May 30, 2017

Helping them find a way home

Home is where you go to find solace from the ever-changing chaos, to find love within the confines of a heartless world, and to be reminded that no matter how far you wander, there will always be something waiting when you return.” ~ Kendal Rob

What would your life look like if you thought you could never return home?

How would you feel if knew that everything you lost could never be recovered?

When you are lost, what is the one place where you find the greatest safety and comfort?

What if it was taken away from you?

Hope. Safety. Protection. Comfort. Love.

A safe harbor is what home means to me. Having the confidence to know, no matter where I am, what I have done, or how I am feeling, there is place for me to return.

We have all ruined relationships, burned bridges through our own bad behaviors or choices, or irreparably hurt someone. In those situations, we often believe there is nothing to return to. We mourn the loss, often saddened by some finality in our truth, and move on, convinced there is no road home.

The parable of the Prodigal Son comes to mind. It is the story of a son who cashed in on his inheritance early, left his family, lived it up, lost it all and ended up destitute. He wanted desperately to return home, but was convinced there was no road back. Eventually he returned, humbled and remorseful, happy to just be a servant in order to be home. To his surprise, he found out there was a more incredible welcome awaiting him.

When I look back on the many conversations I have had with people in recovery, their concerns about returning home are powerfully sad. They are fully aware of the hurt, the pain, the destruction their behaviors had on their family. They are convinced, like the prodigal they have lost everything, including a road home to those they love. While they do the hard work on themselves, there is this lingering pressure, can I do enough to ever be able to return home?

Many parents will say to me, “my child knows if they are in recovery and not using, they can come back.” How true is that? Under what conditions, restrictions, hurdles or expectations would you allow this? How many of us are truly willing to, like the father in the parable, forgive everything when they do return? How many of us are able to really trust them at this point in their journey? What pressures do we put on them to earn the right to return home?

This is a difficult, sensitive discussion. The pain of past experiences doesn’t go away quickly or easily. Unfortunately, the pressure this may be putting on someone struggling to find their way home can be daunting.

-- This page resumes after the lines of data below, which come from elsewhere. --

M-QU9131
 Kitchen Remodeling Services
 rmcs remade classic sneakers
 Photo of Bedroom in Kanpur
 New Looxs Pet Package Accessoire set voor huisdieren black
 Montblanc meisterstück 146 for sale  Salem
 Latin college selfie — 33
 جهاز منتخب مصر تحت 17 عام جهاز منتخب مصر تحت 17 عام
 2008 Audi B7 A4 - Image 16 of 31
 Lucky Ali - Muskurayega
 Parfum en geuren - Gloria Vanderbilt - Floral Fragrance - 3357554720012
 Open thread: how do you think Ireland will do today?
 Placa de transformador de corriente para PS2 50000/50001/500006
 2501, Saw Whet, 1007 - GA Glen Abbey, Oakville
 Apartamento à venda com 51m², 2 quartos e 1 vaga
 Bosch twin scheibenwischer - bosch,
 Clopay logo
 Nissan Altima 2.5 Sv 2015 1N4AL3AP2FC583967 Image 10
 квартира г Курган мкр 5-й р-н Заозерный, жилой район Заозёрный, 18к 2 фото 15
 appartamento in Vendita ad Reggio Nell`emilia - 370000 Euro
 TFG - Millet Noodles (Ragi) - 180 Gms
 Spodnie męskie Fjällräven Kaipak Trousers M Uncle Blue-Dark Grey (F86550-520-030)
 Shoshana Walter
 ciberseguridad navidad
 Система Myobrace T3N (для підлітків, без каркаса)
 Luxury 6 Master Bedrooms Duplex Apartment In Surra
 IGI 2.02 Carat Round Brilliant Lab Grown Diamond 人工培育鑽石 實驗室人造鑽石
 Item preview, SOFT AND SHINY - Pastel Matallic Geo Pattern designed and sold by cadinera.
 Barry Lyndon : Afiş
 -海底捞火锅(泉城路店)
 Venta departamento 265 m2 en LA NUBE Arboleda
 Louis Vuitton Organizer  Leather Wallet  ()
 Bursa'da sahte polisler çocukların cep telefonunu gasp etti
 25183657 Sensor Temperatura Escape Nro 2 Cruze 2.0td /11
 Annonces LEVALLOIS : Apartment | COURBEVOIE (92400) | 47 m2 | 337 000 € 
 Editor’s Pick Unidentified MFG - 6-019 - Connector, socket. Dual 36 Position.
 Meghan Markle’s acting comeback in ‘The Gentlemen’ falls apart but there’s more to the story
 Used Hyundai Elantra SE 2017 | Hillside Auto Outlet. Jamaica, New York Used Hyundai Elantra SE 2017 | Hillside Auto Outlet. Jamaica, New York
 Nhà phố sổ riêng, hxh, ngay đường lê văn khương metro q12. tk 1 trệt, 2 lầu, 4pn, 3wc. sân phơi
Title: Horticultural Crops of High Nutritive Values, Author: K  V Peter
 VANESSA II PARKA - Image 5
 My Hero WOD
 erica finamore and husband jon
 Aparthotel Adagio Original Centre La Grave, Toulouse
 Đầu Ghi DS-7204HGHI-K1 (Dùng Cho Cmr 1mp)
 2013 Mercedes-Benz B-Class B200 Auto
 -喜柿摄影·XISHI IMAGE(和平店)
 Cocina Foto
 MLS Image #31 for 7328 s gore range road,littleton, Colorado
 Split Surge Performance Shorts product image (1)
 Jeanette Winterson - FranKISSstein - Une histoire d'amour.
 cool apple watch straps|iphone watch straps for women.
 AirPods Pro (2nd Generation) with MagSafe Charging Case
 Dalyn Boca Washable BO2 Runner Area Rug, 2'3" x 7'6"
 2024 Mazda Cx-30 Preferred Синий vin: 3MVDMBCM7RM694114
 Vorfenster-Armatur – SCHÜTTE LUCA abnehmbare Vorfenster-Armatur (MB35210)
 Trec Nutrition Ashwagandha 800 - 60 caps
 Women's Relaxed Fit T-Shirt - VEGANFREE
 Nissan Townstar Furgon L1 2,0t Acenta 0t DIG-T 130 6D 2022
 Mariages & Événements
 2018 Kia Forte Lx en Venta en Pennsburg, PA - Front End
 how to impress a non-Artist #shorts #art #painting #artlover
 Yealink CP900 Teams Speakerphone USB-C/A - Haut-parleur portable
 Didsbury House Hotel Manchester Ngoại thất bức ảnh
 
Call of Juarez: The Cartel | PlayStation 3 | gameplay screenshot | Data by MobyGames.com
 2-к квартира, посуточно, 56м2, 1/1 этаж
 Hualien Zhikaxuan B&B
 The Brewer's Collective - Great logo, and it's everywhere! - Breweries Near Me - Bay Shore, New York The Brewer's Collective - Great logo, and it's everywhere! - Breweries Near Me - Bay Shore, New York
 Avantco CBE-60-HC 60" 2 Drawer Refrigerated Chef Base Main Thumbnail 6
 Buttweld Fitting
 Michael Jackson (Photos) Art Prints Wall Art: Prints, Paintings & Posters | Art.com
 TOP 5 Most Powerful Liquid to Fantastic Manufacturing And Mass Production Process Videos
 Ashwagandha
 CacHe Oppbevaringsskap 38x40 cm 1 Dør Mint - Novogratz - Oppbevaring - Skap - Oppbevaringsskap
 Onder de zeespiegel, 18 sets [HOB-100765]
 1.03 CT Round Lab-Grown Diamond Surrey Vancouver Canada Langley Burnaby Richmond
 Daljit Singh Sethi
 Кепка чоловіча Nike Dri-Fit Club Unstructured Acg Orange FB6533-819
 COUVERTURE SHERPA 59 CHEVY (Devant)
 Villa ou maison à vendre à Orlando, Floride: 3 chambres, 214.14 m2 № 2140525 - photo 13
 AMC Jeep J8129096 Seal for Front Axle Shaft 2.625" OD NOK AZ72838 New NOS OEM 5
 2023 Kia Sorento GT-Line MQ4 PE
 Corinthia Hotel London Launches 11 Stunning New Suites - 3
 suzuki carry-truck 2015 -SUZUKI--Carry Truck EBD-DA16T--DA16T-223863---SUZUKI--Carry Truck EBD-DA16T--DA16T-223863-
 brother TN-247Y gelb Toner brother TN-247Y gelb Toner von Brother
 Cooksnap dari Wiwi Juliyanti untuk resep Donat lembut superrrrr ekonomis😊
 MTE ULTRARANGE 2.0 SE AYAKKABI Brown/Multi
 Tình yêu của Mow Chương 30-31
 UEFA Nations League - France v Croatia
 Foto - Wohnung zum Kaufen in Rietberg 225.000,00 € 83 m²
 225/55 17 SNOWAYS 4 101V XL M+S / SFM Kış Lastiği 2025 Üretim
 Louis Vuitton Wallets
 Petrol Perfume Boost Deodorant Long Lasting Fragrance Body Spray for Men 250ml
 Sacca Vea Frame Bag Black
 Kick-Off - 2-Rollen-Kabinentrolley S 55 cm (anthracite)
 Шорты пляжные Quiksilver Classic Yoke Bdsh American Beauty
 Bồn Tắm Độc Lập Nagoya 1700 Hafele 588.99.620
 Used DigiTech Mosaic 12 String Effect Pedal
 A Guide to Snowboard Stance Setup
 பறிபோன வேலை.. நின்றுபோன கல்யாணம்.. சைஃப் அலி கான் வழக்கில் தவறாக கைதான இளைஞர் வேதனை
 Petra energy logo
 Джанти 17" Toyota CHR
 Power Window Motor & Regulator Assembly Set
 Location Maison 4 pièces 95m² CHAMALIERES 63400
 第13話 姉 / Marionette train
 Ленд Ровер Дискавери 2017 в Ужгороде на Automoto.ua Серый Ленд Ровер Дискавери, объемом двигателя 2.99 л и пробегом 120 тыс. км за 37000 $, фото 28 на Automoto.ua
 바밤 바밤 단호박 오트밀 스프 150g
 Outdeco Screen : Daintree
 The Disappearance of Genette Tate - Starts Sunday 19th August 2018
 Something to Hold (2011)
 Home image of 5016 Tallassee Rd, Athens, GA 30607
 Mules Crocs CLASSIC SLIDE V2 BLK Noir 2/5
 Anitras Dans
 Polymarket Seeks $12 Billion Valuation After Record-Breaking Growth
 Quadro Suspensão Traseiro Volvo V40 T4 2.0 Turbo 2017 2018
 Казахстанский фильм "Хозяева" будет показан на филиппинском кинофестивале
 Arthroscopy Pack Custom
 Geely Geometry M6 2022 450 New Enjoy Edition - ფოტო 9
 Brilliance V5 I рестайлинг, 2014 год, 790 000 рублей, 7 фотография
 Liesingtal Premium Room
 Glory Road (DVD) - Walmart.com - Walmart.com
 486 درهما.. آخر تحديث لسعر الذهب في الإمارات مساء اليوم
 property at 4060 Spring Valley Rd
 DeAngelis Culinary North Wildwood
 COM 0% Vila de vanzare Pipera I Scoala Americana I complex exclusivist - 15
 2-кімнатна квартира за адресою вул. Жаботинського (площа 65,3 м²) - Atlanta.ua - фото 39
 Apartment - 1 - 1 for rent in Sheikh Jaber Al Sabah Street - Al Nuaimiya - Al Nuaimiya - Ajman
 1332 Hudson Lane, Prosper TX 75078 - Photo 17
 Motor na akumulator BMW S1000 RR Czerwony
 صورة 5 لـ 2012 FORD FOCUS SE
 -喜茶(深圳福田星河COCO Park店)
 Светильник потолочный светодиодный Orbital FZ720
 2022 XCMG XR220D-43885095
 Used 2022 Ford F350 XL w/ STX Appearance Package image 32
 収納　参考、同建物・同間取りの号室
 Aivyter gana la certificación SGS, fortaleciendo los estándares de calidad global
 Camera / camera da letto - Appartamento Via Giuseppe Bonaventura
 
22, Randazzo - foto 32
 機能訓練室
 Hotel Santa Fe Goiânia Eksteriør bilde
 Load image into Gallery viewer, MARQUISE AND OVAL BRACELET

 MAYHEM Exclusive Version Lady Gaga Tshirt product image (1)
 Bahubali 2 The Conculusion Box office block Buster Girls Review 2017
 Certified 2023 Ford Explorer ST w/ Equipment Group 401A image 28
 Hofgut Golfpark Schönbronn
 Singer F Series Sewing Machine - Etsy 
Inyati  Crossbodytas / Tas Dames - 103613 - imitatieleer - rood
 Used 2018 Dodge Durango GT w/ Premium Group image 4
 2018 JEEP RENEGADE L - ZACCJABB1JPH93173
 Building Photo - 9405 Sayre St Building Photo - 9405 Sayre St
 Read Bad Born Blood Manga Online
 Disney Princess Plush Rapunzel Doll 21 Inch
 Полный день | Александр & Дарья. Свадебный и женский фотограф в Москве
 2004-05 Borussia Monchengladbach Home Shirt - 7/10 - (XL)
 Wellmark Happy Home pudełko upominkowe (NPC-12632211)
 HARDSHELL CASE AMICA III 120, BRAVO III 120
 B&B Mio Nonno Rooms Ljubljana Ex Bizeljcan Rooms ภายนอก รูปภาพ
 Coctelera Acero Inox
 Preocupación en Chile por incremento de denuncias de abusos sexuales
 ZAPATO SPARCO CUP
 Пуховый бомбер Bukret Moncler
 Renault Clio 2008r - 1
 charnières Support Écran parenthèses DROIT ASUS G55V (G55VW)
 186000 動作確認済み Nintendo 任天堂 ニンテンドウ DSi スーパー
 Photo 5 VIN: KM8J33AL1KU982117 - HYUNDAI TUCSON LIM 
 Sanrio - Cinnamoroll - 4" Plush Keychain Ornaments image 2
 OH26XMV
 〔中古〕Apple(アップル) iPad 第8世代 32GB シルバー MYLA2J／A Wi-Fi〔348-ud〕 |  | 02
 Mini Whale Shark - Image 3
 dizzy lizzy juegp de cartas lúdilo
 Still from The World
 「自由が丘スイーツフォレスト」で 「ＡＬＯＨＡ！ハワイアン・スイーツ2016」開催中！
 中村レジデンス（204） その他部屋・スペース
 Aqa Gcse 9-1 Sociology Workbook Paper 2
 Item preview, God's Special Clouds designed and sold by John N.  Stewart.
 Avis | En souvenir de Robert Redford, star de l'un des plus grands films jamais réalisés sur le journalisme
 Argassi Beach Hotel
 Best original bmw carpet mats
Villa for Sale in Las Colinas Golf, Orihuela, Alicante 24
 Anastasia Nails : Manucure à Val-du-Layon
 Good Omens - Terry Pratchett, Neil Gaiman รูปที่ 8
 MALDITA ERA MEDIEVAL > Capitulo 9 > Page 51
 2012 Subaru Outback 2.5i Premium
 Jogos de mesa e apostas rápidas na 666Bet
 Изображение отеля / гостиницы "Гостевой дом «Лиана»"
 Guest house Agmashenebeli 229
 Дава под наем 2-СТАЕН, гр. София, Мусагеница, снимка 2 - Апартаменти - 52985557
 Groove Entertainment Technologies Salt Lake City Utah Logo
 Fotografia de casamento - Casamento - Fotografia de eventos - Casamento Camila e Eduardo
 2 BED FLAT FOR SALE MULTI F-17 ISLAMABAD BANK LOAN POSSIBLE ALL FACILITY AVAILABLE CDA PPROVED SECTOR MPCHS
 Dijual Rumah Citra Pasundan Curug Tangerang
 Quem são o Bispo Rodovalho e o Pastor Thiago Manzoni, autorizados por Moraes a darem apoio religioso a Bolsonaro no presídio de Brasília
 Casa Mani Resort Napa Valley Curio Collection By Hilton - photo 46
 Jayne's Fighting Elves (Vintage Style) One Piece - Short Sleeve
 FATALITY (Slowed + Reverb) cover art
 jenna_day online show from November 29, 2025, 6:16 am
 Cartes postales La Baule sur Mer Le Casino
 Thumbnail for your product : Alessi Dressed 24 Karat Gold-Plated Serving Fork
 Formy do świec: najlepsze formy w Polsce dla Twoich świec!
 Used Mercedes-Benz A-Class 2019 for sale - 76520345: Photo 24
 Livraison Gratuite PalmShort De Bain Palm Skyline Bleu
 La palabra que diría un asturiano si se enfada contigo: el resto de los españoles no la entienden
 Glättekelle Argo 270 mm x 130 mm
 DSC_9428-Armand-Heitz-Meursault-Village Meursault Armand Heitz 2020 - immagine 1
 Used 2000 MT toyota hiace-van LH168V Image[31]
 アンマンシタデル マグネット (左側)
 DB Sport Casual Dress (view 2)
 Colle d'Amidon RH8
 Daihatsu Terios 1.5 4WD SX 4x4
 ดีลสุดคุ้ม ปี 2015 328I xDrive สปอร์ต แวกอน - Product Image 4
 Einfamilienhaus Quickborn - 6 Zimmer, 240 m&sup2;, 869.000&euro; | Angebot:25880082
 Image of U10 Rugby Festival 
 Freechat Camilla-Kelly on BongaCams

I struggled to trust my son until I stopped managing my issues with his addiction. We decided to love him in the moment and even let him come home to escape his homelessness upon occasion. It wasn’t always easy. We had our difficult moments. There were a few times where he used or got arrested while living at home. This caused a lot of heartache, disrupted the new order, and rocked us emotionally. I often wrestled with doubts about the wisdom in our decisions. I would have preferred a different outcome from some of these adventures; but then, life rarely goes according to plan.

We chose this path for a lot of reasons. The most important one was we decided our son needed to know there was always going to be a safe harbor for him, even in his most difficult times. Allowing him experience the truth of our love, in the most chaotic times, demonstrated there was something he could always count on – a way home.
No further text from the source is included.